- [Dataset content]:
= = = = =
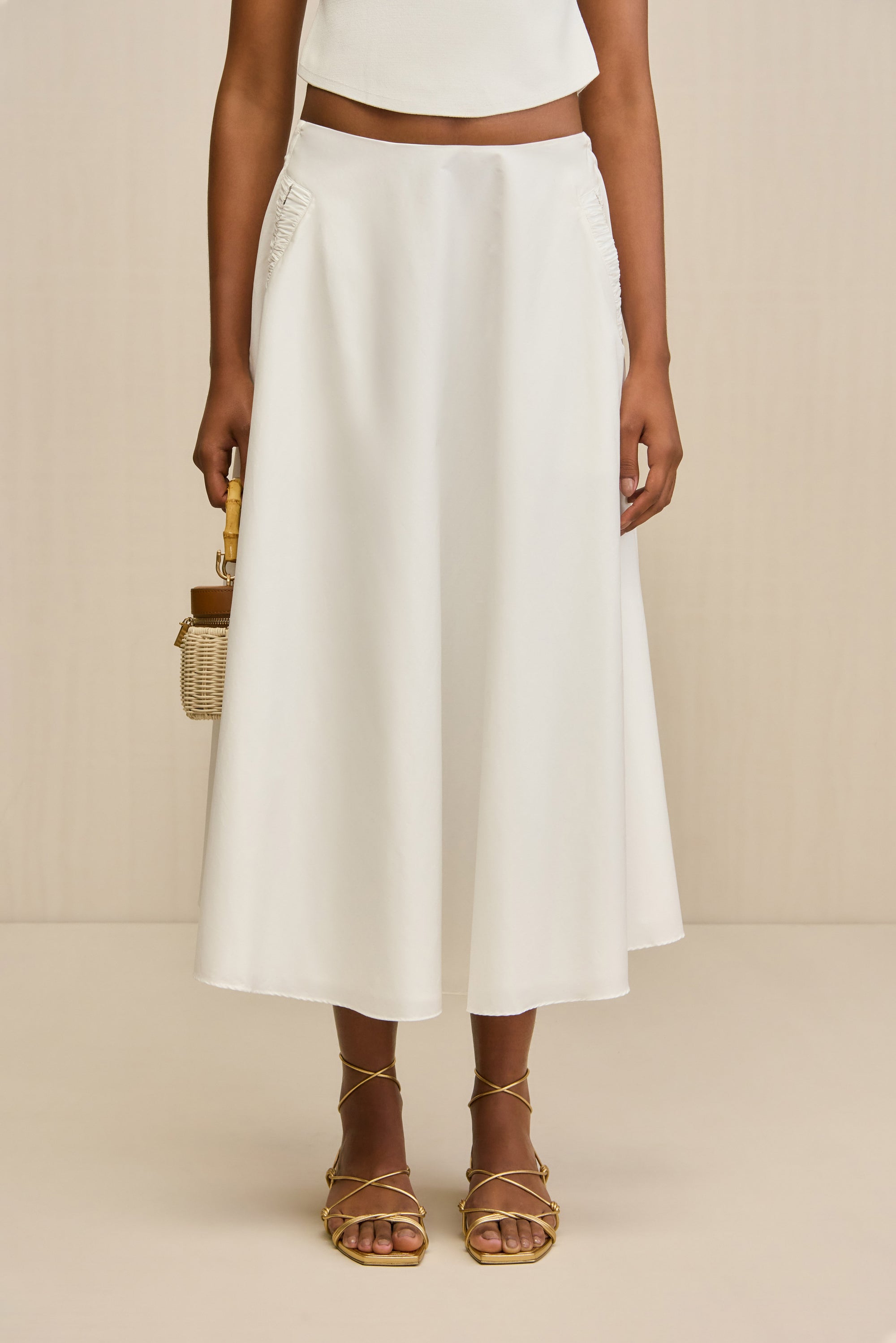 ELY SKIRT - OFF WHITE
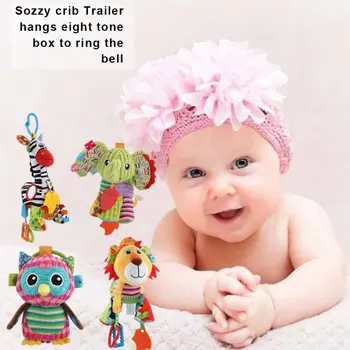 

Baby Bed Car Pendant Music Box Pull Bell Doll Cartoon Cute Doll Baby Comfort Toy Children's Early Education Toys
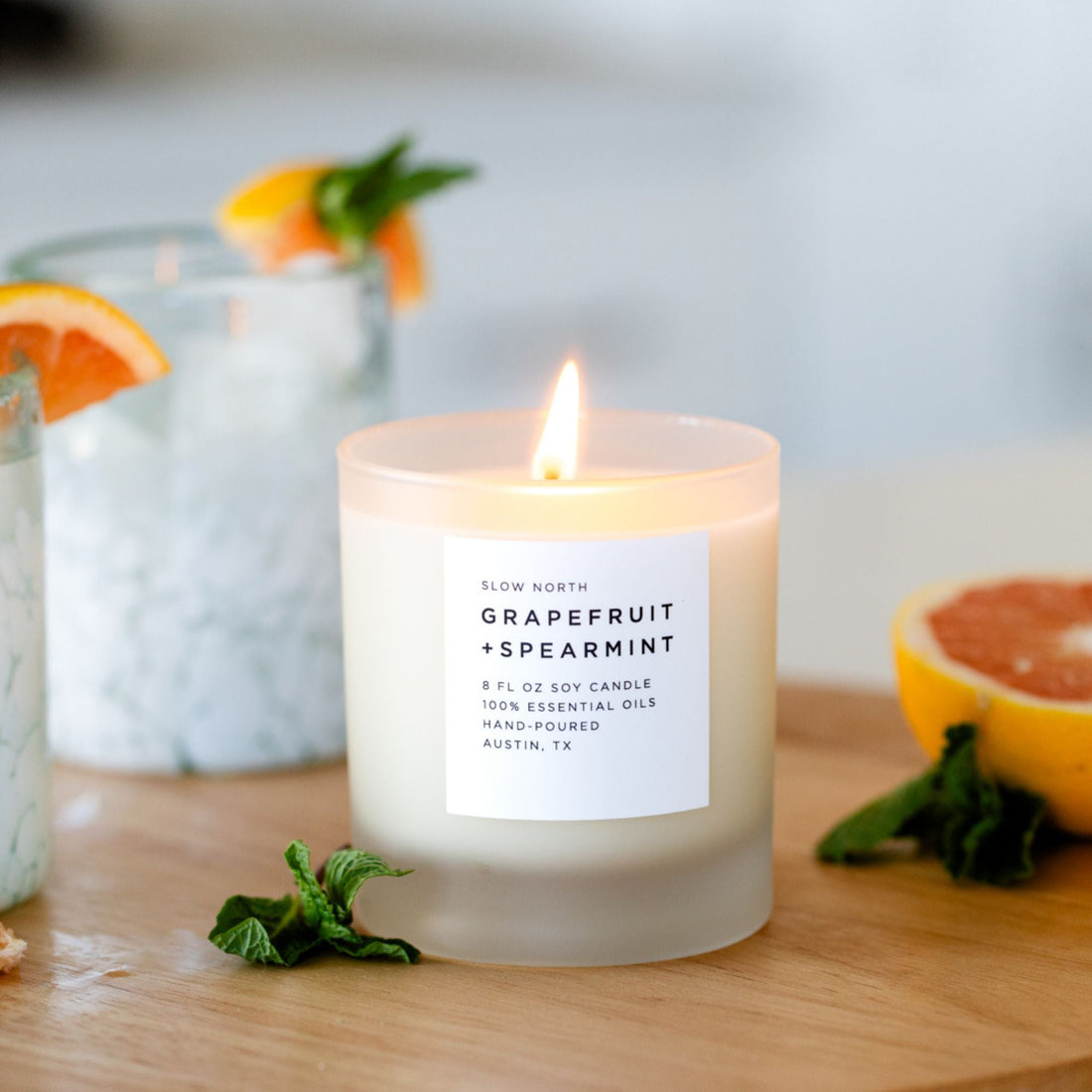 Hand-poured candle from an independent US maker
= = = = =
- [Activity]:
Please reproduce the lines above from the one containing "Baby Bed Car" through the final line, exactly and inclusively, leaving out each picture.

- [Your response]:
Baby Bed Car Pendant Music Box Pull Bell Doll Cartoon Cute Doll Baby Comfort Toy Children's Early Education Toys
 Hand-poured candle from an independent US maker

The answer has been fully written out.